_Work order_
An exact transcription is needed, beginning at the line with "Körfez’de 800 Kilometrelik" and ending at the last line of the listing, with pictures left out and nothing else added.

Task inputs Block Start

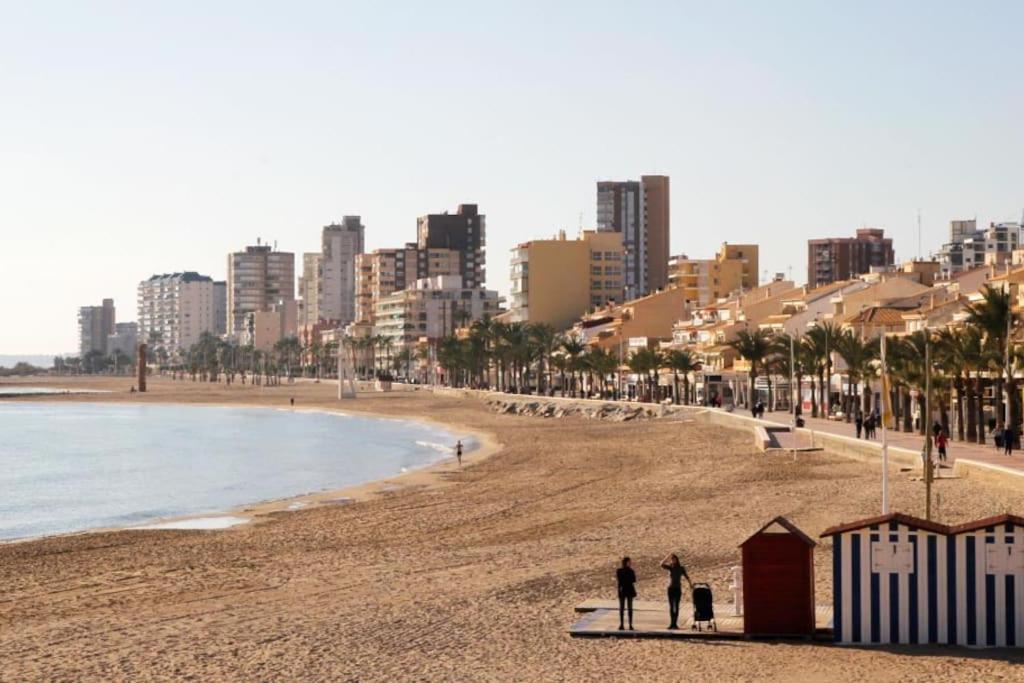 Casa Clara Pueblo, Mar Y Montana Villa Aigues Eksteriør billede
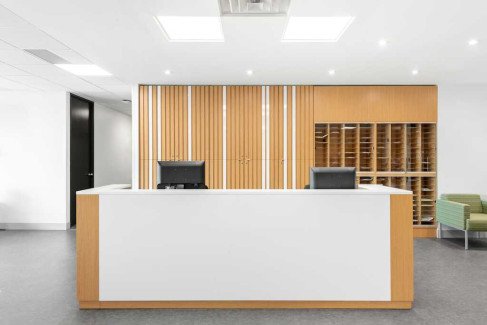 Woodbine Steeles Corporate Centre
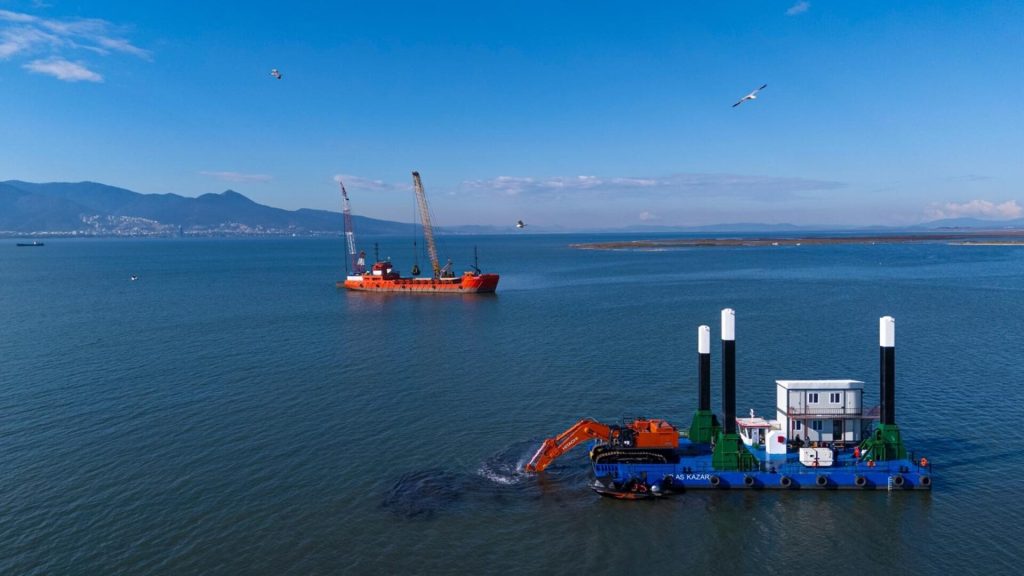 Körfez’de 800 Kilometrelik Kamyon Konvoyu Kadar Kirlilik Temizlendi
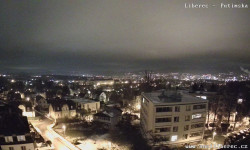 Dolní Hanychov, Jizerské hory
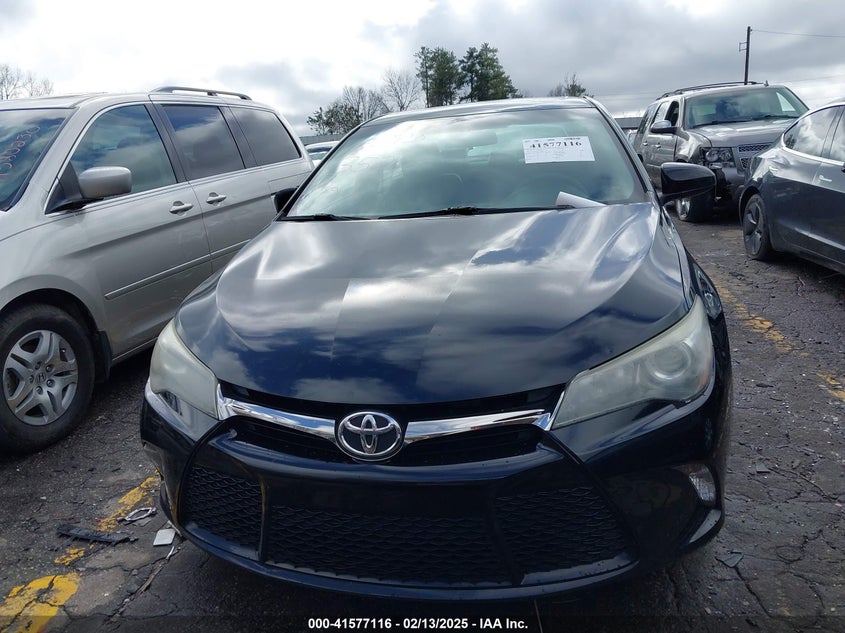 2015 TOYOTA CAMRY VIN: 4T1BF1FK7FU083526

Task inputs Block End

_Answer box_
 Körfez’de 800 Kilometrelik Kamyon Konvoyu Kadar Kirlilik Temizlendi
 Dolní Hanychov, Jizerské hory
 2015 TOYOTA CAMRY VIN: 4T1BF1FK7FU083526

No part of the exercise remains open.